5 Questions that can improve your landing page

Opt in formA landing page is where a visitor arrives at your site after clicking a link in an email or on another website. It is usually focused on getting the visitor to take one action, in most cases to submit their name and email details. Because of this focus there should not be any navigational menu or links to other pages. Essentially a visitor should have two options when they arrive at a landing page: fill in their details or leave.

The message on the page should be specifically for the visitor. The more appropriate the message the better your conversion rate will be. This means you should have a profile of your potential visitors. For example, what are they most interested in and are they likely to take immediate action to overcome a challenge? Where they are coming from gives a clue as to what is likely to be in your visitor’s mind at the time of arrival.

Here are 5 questions likely to occur to a visitor when they have arrived at your landing page. If you can provide answers that they will like the better the landing page’s conversion rate will be.

1. Where am I?

It should take just 3 seconds or less for the visitor to understand where they have arrived. They may have just clicked a banner ad or a link in an email. Ideally you should make it obvious that the page is related to the link. You could use a headline that matches the words in a text link they just used. If they just clicked on a banner ad use the same image on the page that was used in the ad.

You could use a logo or picture of yourself to quickly tell them who they are dealing with. Position it in the usual place, top left of the page. Make things easy and familiar for them. Don’t use any fancy fonts or unusual layouts. Don’t make them have to work hard to understand what’s going on.

The page should also quickly and clearly explain who you are, what the product is, and what it can do for them. If you have a USP that you can express in a short sentence put that in too.

2. What can I do here?

Make it clear what the visitor can do on the landing page. Remember they should usually have only one option, unless they decide to leave.
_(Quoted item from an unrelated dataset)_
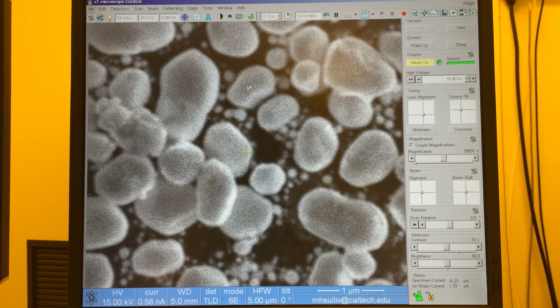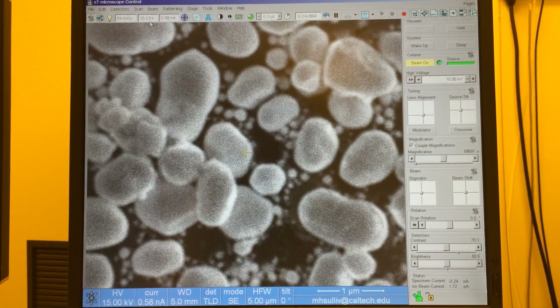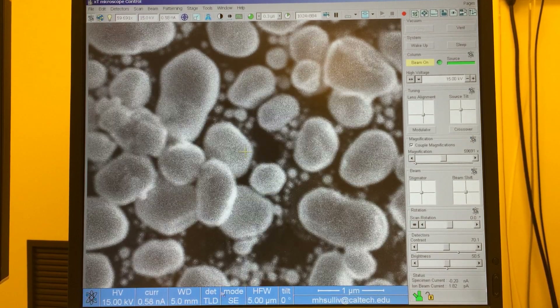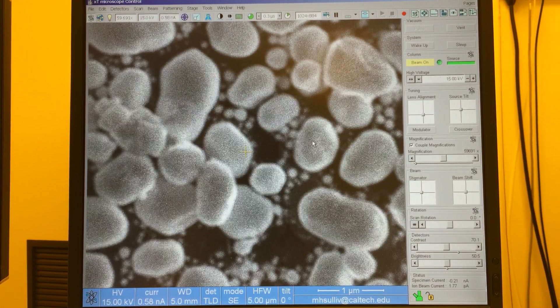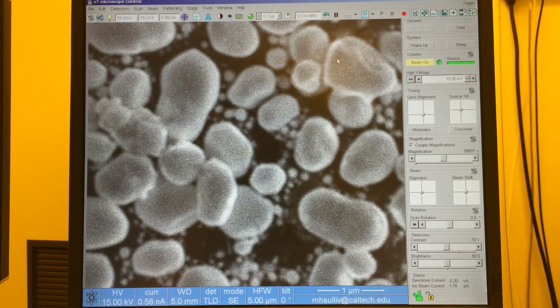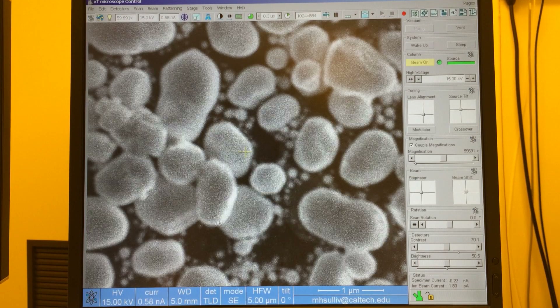For the purpose of getting good video for the demonstration, I'm at 15 kV, 0.6 nanoamps, and 5 mm working distance. I'm using the through-the-lens detector in secondary electron mode to pick up on the surface topography of the sample, and I'm in field free mode. But again, this technique will work for any combination of settings and detectors.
Spell out that one option in clear and specific terms.

3. What am I being offered?

Ideally this should be explained above the fold. If it will take too much text consider using a graphic. After all a picture can be worth a thousand words. If you think your visitor will be unable to work out the offer in a matter of seconds consider simplifying the offer.

4. Why should I take the action I am being asked to take?
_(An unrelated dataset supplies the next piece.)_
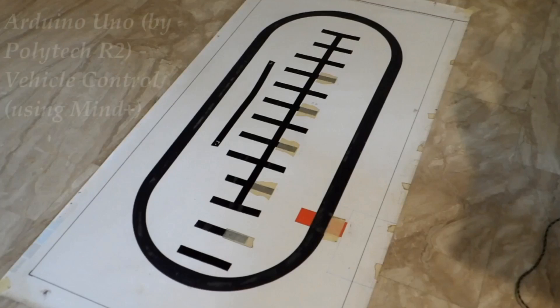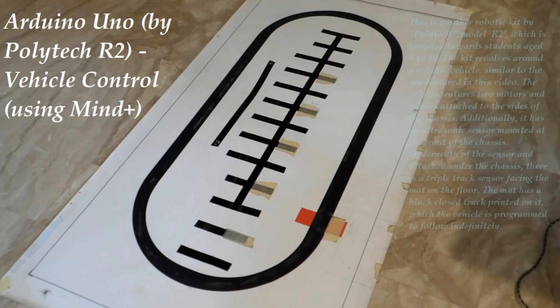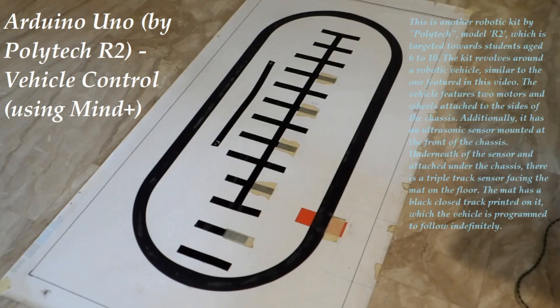This is another robotic kit by Polytech, model R2, which is targeted towards students aged 6 to 10. The kit revolves around a robotic vehicle, similar to the one featured in this video.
You have to persuade your visitor to take action. Mention the main benefits of your offer. If they will be able to achieve something quickly with your offer mention that too.

5. What is taking the action going to cost me?
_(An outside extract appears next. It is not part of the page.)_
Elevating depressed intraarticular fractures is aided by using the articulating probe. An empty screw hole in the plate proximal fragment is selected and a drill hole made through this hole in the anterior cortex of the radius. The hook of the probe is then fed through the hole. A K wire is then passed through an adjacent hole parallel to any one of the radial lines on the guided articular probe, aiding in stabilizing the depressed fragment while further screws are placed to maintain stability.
Your visitor is likely to be aware that everything has a cost. They are expecting to be asked to pay something, whether it’s a financial cost, having to hand over their contact details, or to invest some time going through your content. Be honest about whatever the cost is.

If there is a financial cost to obtaining your offer be upfront about it. Prospects tend to be put off by the ‘hide and seek’ approach, where they have to scan the page a few times before they finally find the price hidden away in a paragraph.

Don’t pretend you’re not asking them for their contact details. They need to fill in a form in exchange for the benefits of your offer. You can spell this out or quickly suggest it with a submit button that says ‘Give me Access’ or something similar.

A landing page works best when it is targeted to a type of visitor and persuades those visitors to take a specific action. Address these five questions effectively and the better your landing page conversion rate will be.

12 responses to “5 Questions that can improve your landing page”

  1. David, I believe that you are in the QSC? I am, as well. I did not get my week three assignment completed. If I can figure out how to do it, your information will be very helpful.

    • Surely you mean when you get it figured out, Roy. If you’re really stuck there are a lot of helpful people in the Facebook group.

  2. “Because of this focus there should not be.. or links to other pages.”
    Links to other pages is one to test because it does depend on the goal of the page, the offer, the audience AND where you are driving traffic from etc etc. For example, some ad platforms will require you to have basic trust elements – privacy policy/T&C links and/or contact details as part of their TOS.
    Not to mention, depending on your offer, trust elements such as links to contact/privacy etc may actually increase conversion.

    Test, test and test again.

    • Point taken Jan. Some specific required or trust building links may improve conversions and they are certainly worth testing, but you don’t want anything that may not lead a person closer to the decision to give their details.